▶ **DIRECTIONS FOR THIS TASK**: Reproduce each line of the listing exactly.

▶ **SOURCE MATERIAL**:
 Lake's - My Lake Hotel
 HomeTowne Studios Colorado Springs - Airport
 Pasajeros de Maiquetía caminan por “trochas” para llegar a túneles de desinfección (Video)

▶ **TASK RESPONSE**:
 Lake's - My Lake Hotel
 HomeTowne Studios Colorado Springs - Airport
 Pasajeros de Maiquetía caminan por “trochas” para llegar a túneles de desinfección (Video)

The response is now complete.